:: DATA FOR ANALYSIS

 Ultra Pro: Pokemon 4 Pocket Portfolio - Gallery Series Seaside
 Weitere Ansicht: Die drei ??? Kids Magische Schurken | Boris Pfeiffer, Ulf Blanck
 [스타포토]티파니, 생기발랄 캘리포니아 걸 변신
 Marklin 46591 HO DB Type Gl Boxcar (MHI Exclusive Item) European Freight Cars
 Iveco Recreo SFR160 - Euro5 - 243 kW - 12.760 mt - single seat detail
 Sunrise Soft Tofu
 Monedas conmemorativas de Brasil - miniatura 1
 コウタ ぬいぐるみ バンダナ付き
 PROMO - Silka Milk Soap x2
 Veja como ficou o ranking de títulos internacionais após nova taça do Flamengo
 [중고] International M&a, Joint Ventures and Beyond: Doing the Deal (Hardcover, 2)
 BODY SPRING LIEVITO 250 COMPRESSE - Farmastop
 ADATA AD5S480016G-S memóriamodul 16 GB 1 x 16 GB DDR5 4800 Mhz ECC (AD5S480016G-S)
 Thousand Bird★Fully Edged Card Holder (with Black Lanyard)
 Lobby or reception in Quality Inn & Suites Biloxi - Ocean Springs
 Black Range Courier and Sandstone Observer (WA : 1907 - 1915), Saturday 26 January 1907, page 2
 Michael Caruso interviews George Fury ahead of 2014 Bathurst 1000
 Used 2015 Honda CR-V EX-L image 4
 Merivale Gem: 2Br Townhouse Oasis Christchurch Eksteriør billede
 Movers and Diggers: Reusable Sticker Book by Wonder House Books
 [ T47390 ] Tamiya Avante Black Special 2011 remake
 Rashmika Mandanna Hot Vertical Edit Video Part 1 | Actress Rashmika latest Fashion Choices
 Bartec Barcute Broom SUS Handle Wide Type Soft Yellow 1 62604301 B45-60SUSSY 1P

::::

- [WORK TO COMPLETE]: Where does the string "Soft" occur in the data above? Copy every line that holds it.

- [OUTPUT OF THE TASK]:
 Sunrise Soft Tofu
 Bartec Barcute Broom SUS Handle Wide Type Soft Yellow 1 62604301 B45-60SUSSY 1P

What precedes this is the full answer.